» THE TASK: In the entries below, find the line containing "Womens Seasalt Windflower" and the line containing "Gold Huggie Earrings". Copy those two lines and everything between them exactly, and only that.

» RECORDS SUPPLIED:
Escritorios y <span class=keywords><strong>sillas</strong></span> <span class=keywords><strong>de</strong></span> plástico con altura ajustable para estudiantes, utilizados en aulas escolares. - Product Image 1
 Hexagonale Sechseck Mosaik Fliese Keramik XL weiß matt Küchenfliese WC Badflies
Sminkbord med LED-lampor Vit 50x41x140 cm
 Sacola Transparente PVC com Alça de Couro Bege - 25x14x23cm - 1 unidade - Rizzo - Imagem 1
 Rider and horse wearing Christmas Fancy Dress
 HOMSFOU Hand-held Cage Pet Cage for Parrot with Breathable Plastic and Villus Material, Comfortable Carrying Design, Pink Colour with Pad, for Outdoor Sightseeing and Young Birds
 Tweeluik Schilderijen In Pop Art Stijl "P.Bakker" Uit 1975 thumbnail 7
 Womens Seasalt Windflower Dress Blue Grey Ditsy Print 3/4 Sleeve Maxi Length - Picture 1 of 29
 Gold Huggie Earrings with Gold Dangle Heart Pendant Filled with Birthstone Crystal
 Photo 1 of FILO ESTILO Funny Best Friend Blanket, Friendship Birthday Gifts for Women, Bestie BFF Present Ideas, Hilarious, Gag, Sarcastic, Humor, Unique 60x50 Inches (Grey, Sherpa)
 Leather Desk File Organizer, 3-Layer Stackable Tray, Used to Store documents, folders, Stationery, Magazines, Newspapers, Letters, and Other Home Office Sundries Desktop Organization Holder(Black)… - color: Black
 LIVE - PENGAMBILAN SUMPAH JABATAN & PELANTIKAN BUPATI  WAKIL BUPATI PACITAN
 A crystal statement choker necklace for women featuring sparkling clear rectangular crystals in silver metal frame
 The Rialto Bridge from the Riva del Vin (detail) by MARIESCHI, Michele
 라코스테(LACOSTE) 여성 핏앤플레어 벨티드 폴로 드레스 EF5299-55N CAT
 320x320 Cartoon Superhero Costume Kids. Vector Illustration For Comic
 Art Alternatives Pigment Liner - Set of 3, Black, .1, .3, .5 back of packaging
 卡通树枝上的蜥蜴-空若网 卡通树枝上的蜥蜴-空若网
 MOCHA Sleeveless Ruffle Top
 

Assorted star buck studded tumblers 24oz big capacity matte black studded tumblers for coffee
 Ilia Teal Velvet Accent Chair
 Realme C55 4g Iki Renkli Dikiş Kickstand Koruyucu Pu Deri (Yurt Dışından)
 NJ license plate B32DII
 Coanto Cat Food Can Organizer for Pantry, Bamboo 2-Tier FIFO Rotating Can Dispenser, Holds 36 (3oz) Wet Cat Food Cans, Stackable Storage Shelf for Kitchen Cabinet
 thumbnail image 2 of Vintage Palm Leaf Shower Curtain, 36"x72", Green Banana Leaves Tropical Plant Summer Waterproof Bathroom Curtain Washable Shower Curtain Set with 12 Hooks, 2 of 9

» WRITTEN REPLY:
 Womens Seasalt Windflower Dress Blue Grey Ditsy Print 3/4 Sleeve Maxi Length - Picture 1 of 29
 Gold Huggie Earrings with Gold Dangle Heart Pendant Filled with Birthstone Crystal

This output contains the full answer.